Да, проблема жестокости волновала и меня.
Я знаю, что это бич всякого социума, неустранимый изъян. Знаю, что ненависть между людьми вспыхивает гораздо чаще любви и симпатии, что она прочнее всякого договора и закона.
Знаю, что, включая одних, непременно исключают других, что обычно двое объединяются против третьего. Иными словами, в человеческом обществе царит «синкретизм», как называли этот феномен древние греки. (Кстати, мне всегда казалось, что общепринятая этимология этого слова — «союз критян» — неверна; скорее уж «союз против критян», коль скоро в античном мире не было более ненавистных, всеми презираемых людей.)
Я исписал немало страниц, рассуждая об истоках взаимной ненависти людей, чужой опыт служил мне подспорьем. Вы обмолвились, что не доверяете историкам религии, а я, наоборот, следуя логике Рене Жирара[12], доказывал, что «козла отпущения» создал вовсе не религиозный фанатизм, что религии откровения не поощряли, но обуздывали звериные инстинкты толпы. Однако узнать, что такое ненависть, на собственном опыте мне так и не довелось — ни в детстве, ни в юности, ни в зрелом возрасте.
Странно, но это так.
Факты противоречат отправной точке нашего диалога. Мы ведь говорили, что нас, писателей, проклинают, унижают, втаптывают в грязь и т. д.

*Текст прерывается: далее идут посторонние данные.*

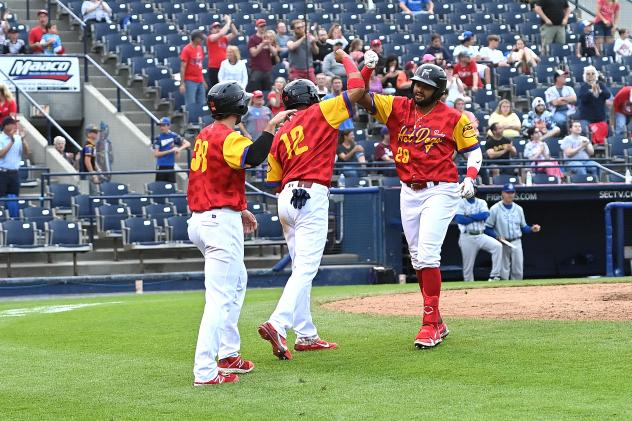 Reading Hot Dogs (Fightin Phils) outfielder Jorge Bonifacio receives congratulations after his homer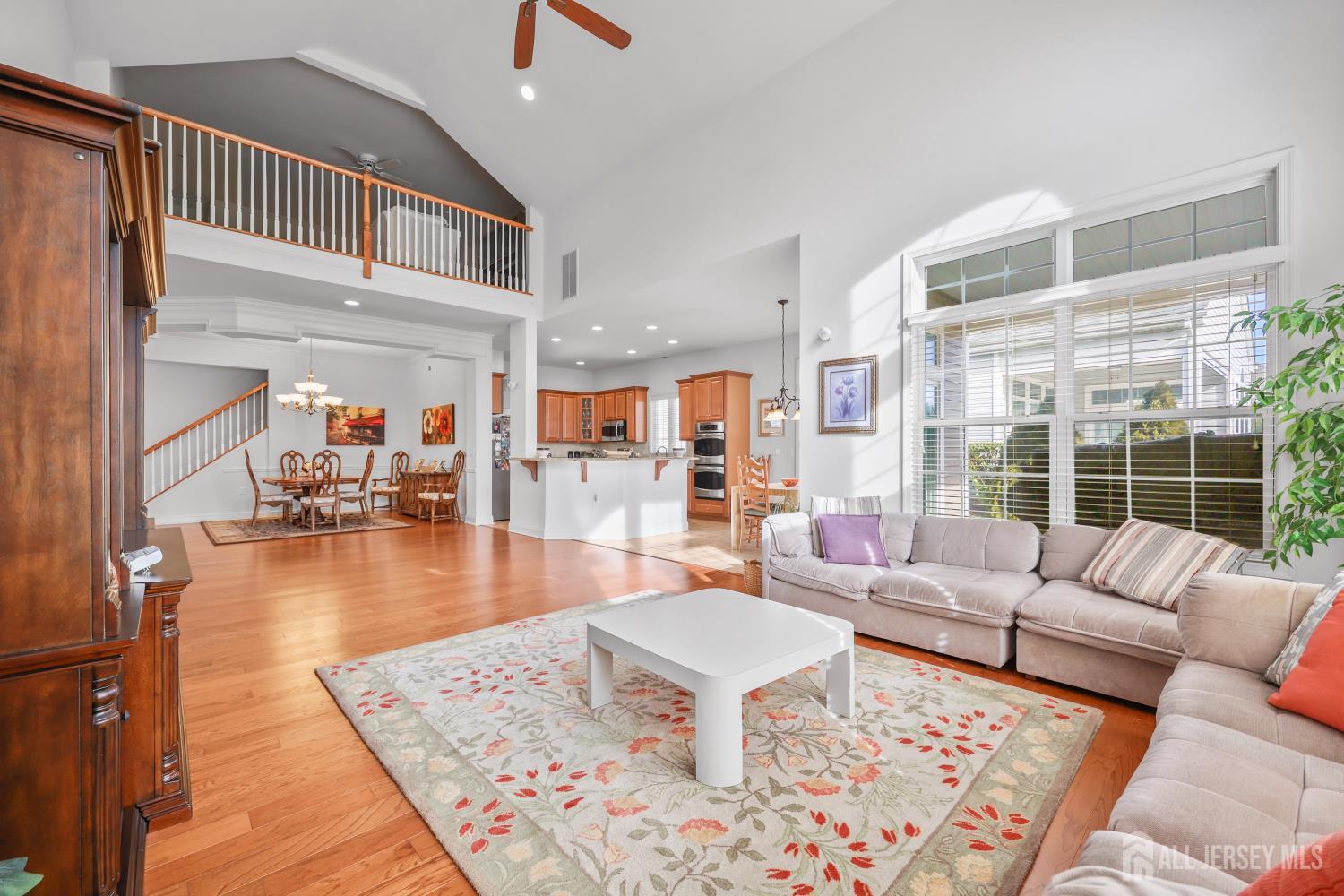 46 Mandrake Road Monroe Township, NJ 08831 - Photo 17 of 58 a living room with furniture and a table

Но я не пострадал от людской злобы, правда не пострадал.
И последнее.
Когда я сказал вам, что благодаря проклятущему Гуглу узнаю о новых выпадах противников, об их планах, уязвимых местах, просчетах, чтобы успешнее с ними бороться, вы мне не поверили.
Напрасно.
Уверяю вас, это тоже сущая правда.
Я мгновенно забываю статьи милых критиков, как только продумаю стратегию и тактику контратаки.
Мое самолюбие не страдает.
Мое эго подобно несгораемому шкафу или бункеру, спасающему при любом обстреле.
Отравляющие газы враждебности не проникают внутрь, они сразу же рассеиваются, а зато я узнаю, откуда дует ветер, и рисую на волшебной грифельной доске расположение «сил противника», предугадывая «его коварные планы», — именно в таких выражениях Флобер писал Бодлеру о критиках. В одном я согласен с вами: если в кровь проникла адская смесь стремления к признанию и стремления к неприязни, нет противоядия лучше, чем воля к победе.